Then use this regular expression on the content:

Regex expression = new Regex(@"##(?<parent>\w+)\r\n(?<children>[\w ]+)\r\n((?<values>[\S ]+)(\r\n(?!#)|


))+", RegexOptions.None);


This expression will give you three named groups where of the 'values' group has one or more captures.
Then loop through all matches and create the XML structure.
I have used XElement, but XmlDocument can also be used.

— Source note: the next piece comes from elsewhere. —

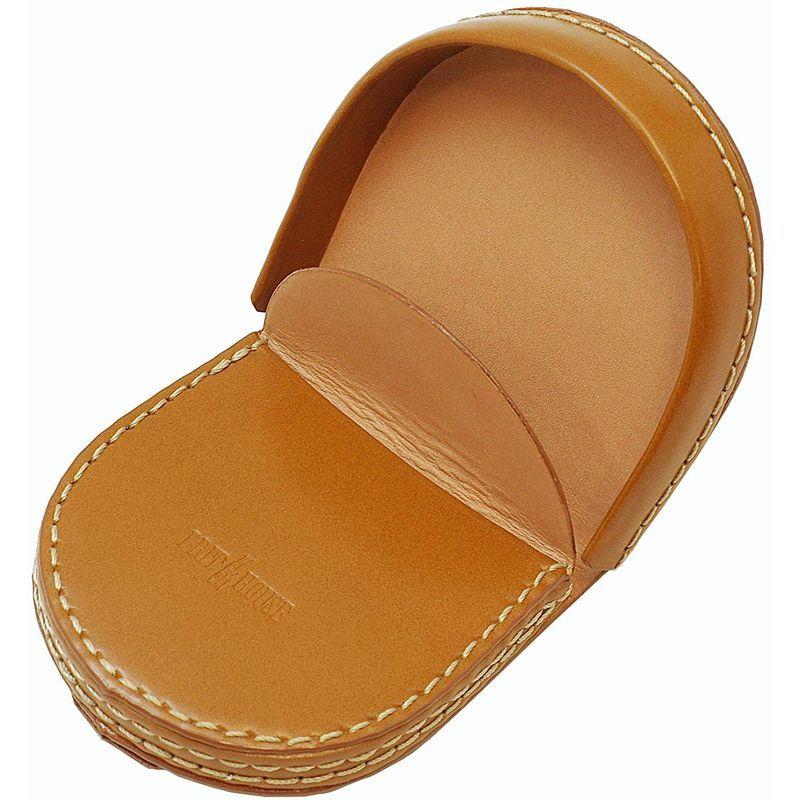 brit house ブリットハウス コードバン 馬蹄 型 コインケース 小銭 入れ king of leather cordovan cv brit house ブリットハウス コードバン 馬蹄 コインケース 小銭 入れ king of leather cordovan cv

XElement xeRoot = new XElement("root");   // Change the name 'root' to whatever suitable
foreach (Match m in expression.Matches(content))
{
    XElement xeParent = new XElement(m.Groups["parent"].Value);

    string[] children = m.Groups["children"].Value.Split(' ');      // Use space as delimter for the children
    
    foreach (Capture cap in m.Groups["values"].Captures)
    {
        XElement xeChild = new XElement("child");   // Change the name 'child' to whatever suitable
        string[] values = cap.Value.Split(new string[] { "@*@" }, StringSplitOptions.None);

        // Check that the children and values counts are equal
        if (children.Length != values.Length)
            throw new Exception("The number of children and values mismatch.");
      
        for (int i = 0; i < children.Length; i++)
        {
            XElement xeChildValue = new XElement(children[i]);
            xeChildValue.Value = values[i];
            xeChild.Add(xeChildValue);
        }

        xeParent.Add(xeChild);
    }
    
    xeRoot.Add(xeParent);
}


Finally save the XML data to file

XDocument doc = new XDocument();
doc.Add(xeRoot);
doc.Save(@"C:\Temp\test.xml");



Resulting XML

<?xml version="1.0" encoding="utf-8"?>
<root>
  <Main>
    <child>
      <MachineName>RMM-LT-417</MachineName>
      <DomainName>Home.LOCAL</DomainName>
      <Scandate>03/23/2015 18:48:38</Scandate>
      <GUID>31c0841e-f7bf-4de1-9d75-7e9080498e6b-20141216020243430495</GUID>
      <RegID>2853625</RegID>
    </child>
  </Main>
  <AP_LogicalDrivesInformation>
    <child>
      <Caption>C</Caption>
      <Description>Hard Drive</Description>
      <DriveType>Drive Fixed</DriveType>
      <FileSystem>NTFS</FileSystem>
      <FreeSpace>421002715136</FreeSpace>
      <UsedSpace>79097778176</UsedSpace>
      <Size>500100493312</Size>
      <CFreeSpace>392.1 GB</CFreeSpace>
      <CUsedSpace>73.7 GB</CUsedSpace>
      <VolumeName>OS</VolumeName>
      <VolumeSerialNumber>469D6D66</VolumeSerialNumber>
    </child>
    <child>
      <Caption>D</Caption>
      <Description>Hard Drive</Description>
      <DriveType>Drive Fixed</DriveType>
      <FileSystem>NTFS</FileSystem>
      <FreeSpace>484706508800</FreeSpace>
      <UsedSpace>4765618176</UsedSpace>
      <Size>489472126976</Size>
      <CFreeSpace>451.4 GB</CFreeSpace>
      <CUsedSpace>4.4 GB</CUsedSpace>
      <VolumeName>DATAPART</VolumeName>
      <VolumeSerialNumber>7A9EDCCC</VolumeSerialNumber>
    </child>
    <child>
      <Caption>E</Caption>
      <Description>MATSHITA DVD+-RW UJ8E2</Description>
      <DriveType>Cd-Rom</DriveType>
      <FileSystem></FileSystem>
      <FreeSpace>0</FreeSpace>
      <UsedSpace>0</UsedSpace>
      <Size>0</Size>
      <CFreeSpace>0</CFreeSpace>
      <CUsedSpace>0</CUsedSpace>
      <VolumeName></VolumeName>
      <VolumeSerialNumber>0</VolumeSerialNumber>
    </child>
  </AP_LogicalDrivesInformation>
</root>